ASMSU members to learn pros, cons of budget promise

On Tuesday, ASMSU's Academic Assembly will debate its position on MSU's tuition agreement that promises to keep tuition at the rate of inflation in exchange for less funding cuts from the state.

A set of two bills, one supporting the action and the other condemning it, originally were presented at the Feb. 3 Academic Assembly meeting. ASMSU is MSU's undergraduate student government.

The deal, which the MSU Board of Trustees accepted Jan. 27, states that if MSU keeps tuition increases at the rate of inflation which is 2.4 percent, the state will reduce higher education cuts at the school from 5 percent to 3 percent. Gov. Jennifer Granholm introduced the proposal in December.

"We wanted to force a decision from the assembly," said Vinayak Prasad, College of Natural Sciences representative, who seconded both bills. He said the reason for two contradictory bills was that if one bill failed, the opposing bill probably would pass.

"There are some decisions where there are no neutral positions.
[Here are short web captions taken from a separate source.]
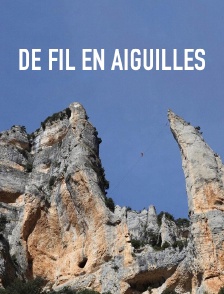 De fil en aiguilles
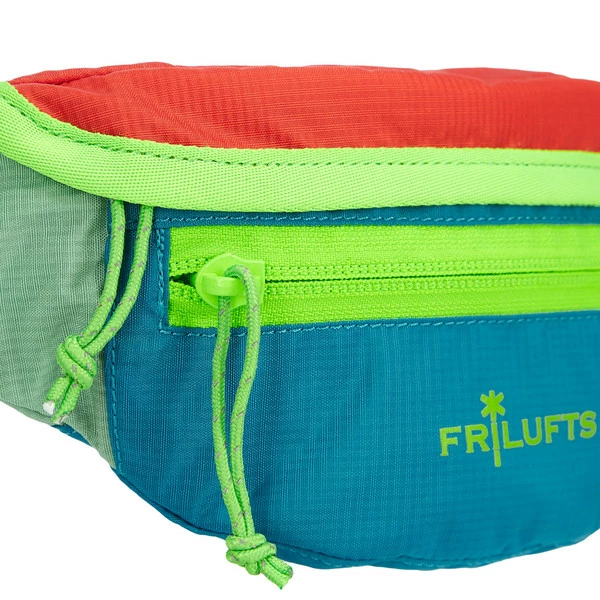FRILUFTS COLBY KIDS Kinder - Hüfttasche Multicolor – Bild 3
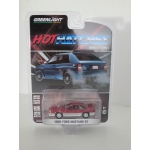 Greenlight 1:64 Ford Mustang GT 1988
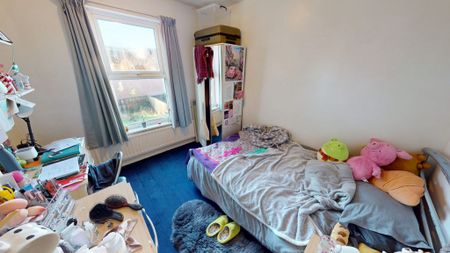 Bournbrook Road Birmingham - Photo 5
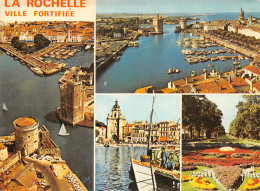 17-LA ROCHELLE-N°T2723-D/0281 - La Rochelle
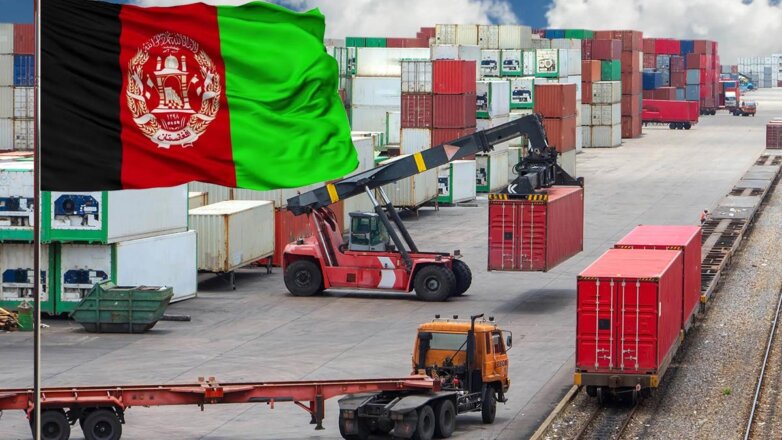 Афганистан планирует покупать у России пшеницу и нефть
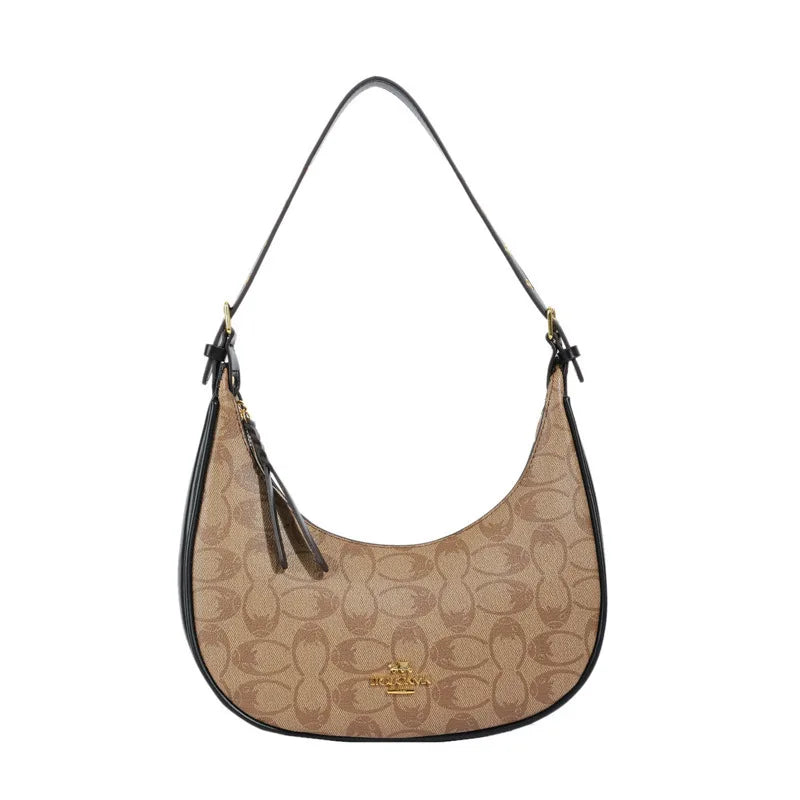 Elegant Women Top Handle Bag Geometric Pattern Tote Bags Women Underarm Bags Ladies Crossbody Bag Hot Popular Style Handbags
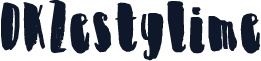 DKZestyLime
We have to speak out on the bill," he said at the Feb. 3 meeting.

Assembly Chairperson Jared English moved voting on the bills to this week's meeting because the assembly was evenly split and he wanted representatives to learn more about the proposal.
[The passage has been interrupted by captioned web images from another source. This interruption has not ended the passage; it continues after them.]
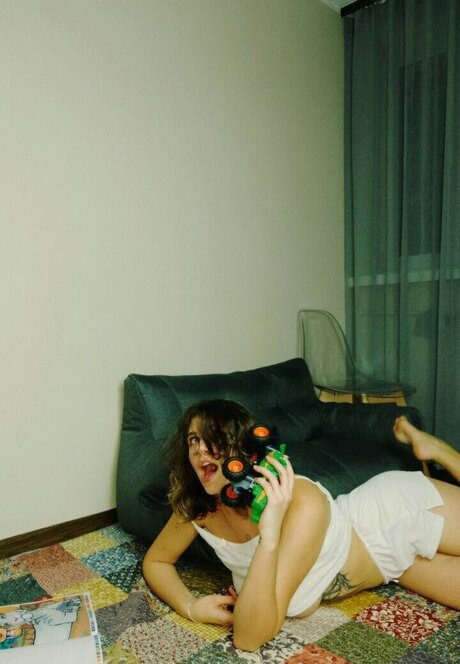 yulkachash star du porno gratuite image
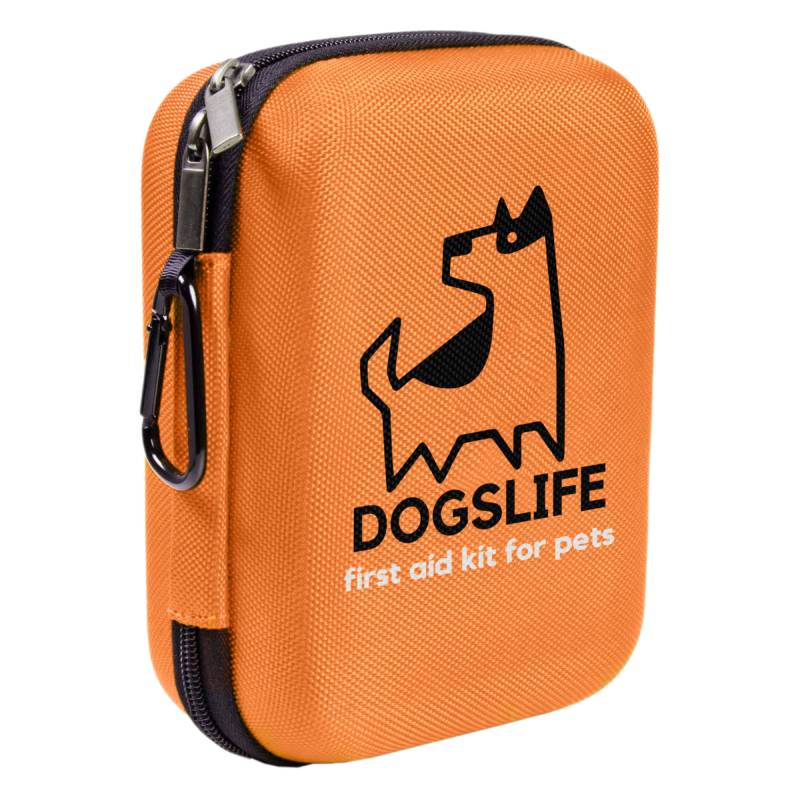 DogsLife Emergency Kit Hond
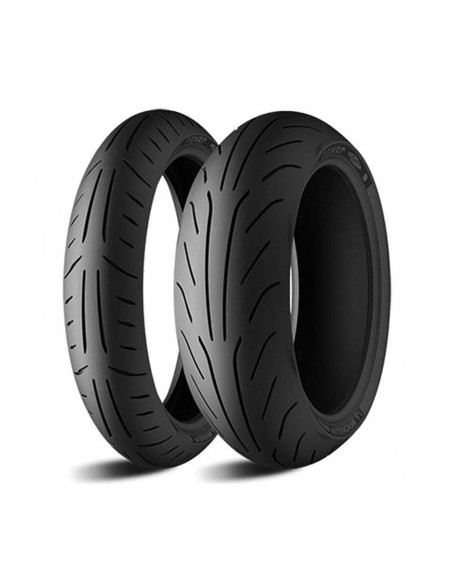POWER PURE SC MICHELIN 120 70 12 58 P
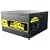 Corsair HX Series, 520 Watt,  ATX, EPS12V, PS/2, Modular Power Supply, UK Version (CMPSU-520HXUK)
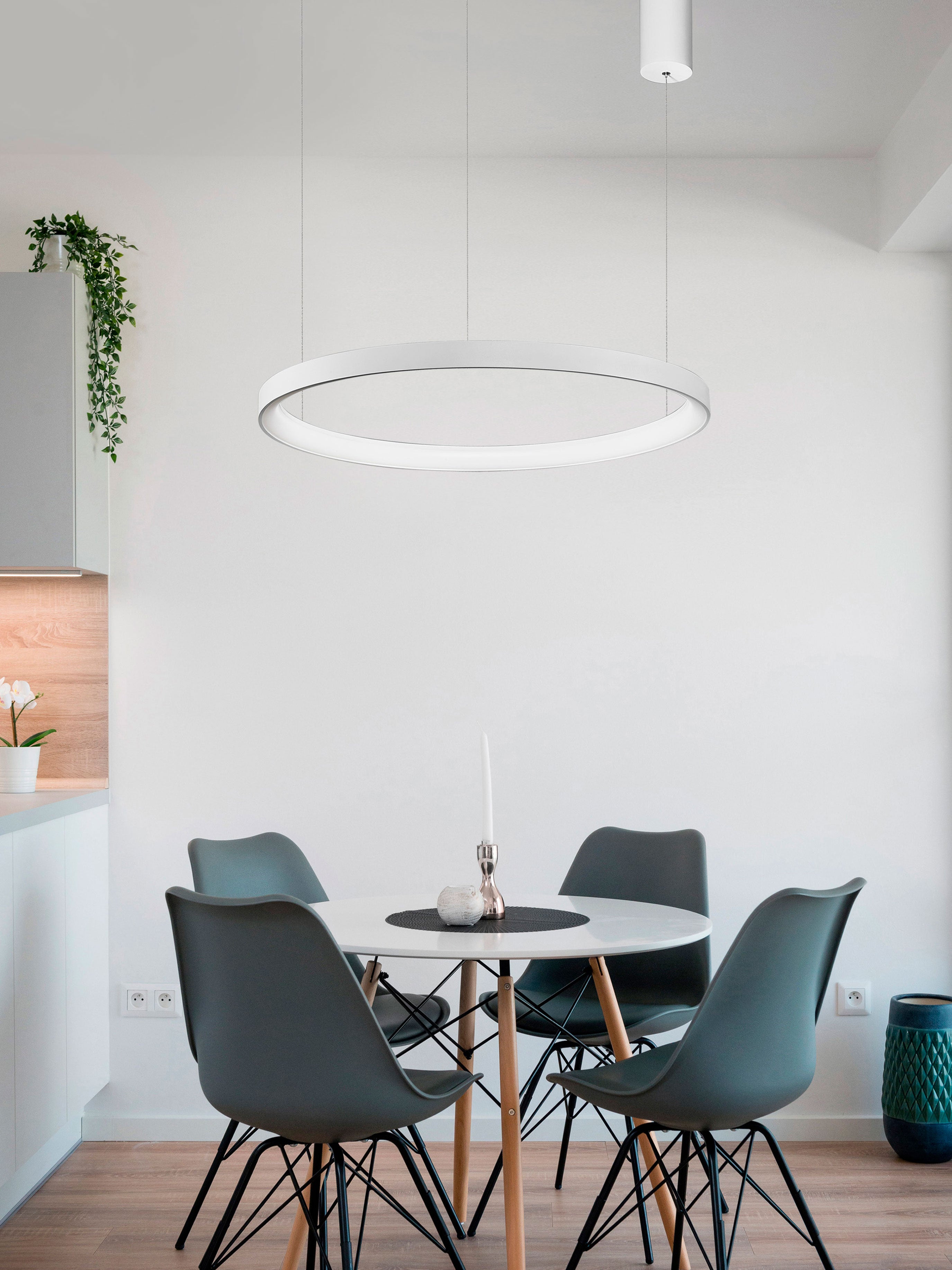 Pendant Light PERTINO – Nova Luce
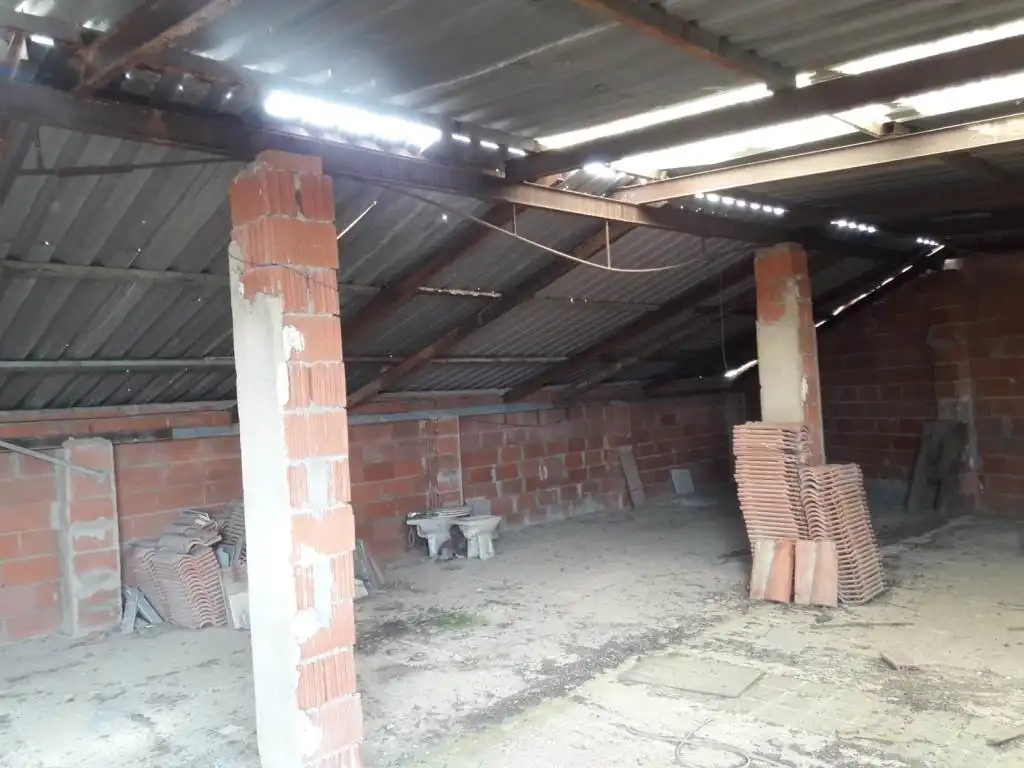 Casa adosada en venta en Mirandilla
Experts from the university will be at the next meeting to further explain ramifications of the bill.

Both bills were introduced by another College of Natural Sciences representative, Andrew McCoy.
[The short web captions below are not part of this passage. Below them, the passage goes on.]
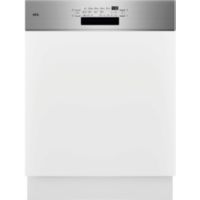 Location Lave vaisselle encastrable AEG GT7200A2SNM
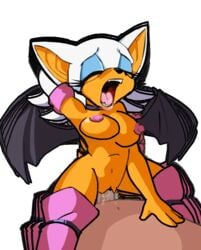 alpha_channel animated anthro areola bat big_breasts breasts closed_eyes collar erect_nipples erection female hair human male navel nipples nude open_mouth penetration penis pussy pussy_juice rouge_the_bat sega sex soda soda_(artist) sonic_(series) tongue vaginal_penetration wet white_hair wings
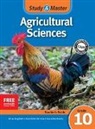 Henricho Ferreira, Karoline Hanks, Altus Strydom, Altus Ferreira Strydom - Study & Master Agricultural Sciences Teacher''s Guide Grade 10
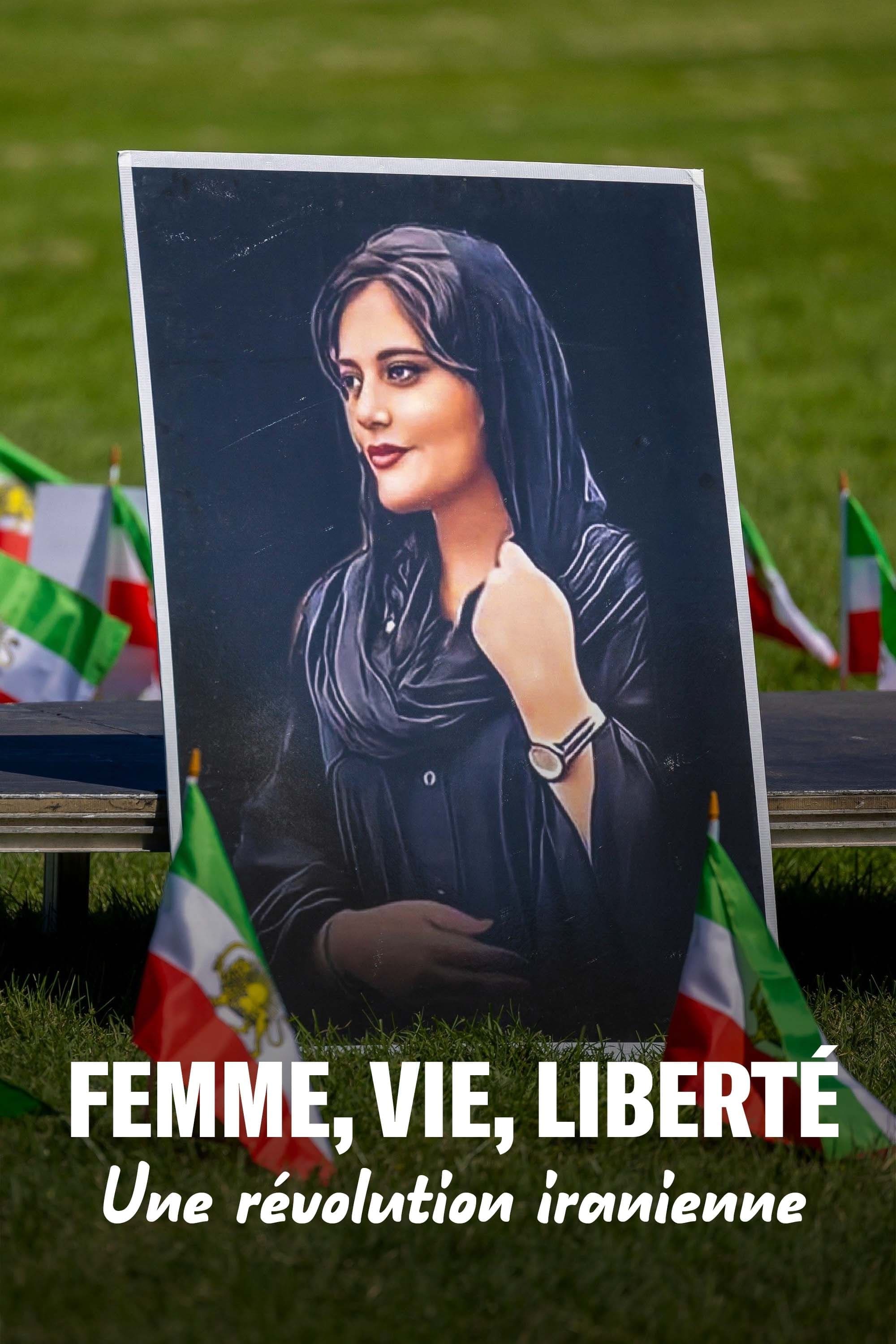 Woman, Life, Freedom: An Iranian Revolution - Bild 1 von 2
"I hope that it would have some effect on the bill," he said Sunday. "They're making decisions on us, so our positions should be valuable."

English said the students didn't have a chance to comment on the agreement before MSU accepted it, because the university only had a day to debate.

No one from ASMSU attended the Trustees' special meeting because they received the notice of the meeting the day of and already had previous commitments.

"Had this been a long project, we would have been consulted and kept in the loop," English said.

Members of Academic Assembly first mentioned the possible deal late last semester at a joint meeting between Student Assembly and Academic Assembly.

Academic Assembly didn't comment before MSU accepted the proposition because they thought they would have more time before a finalized plan was presented, McCoy said.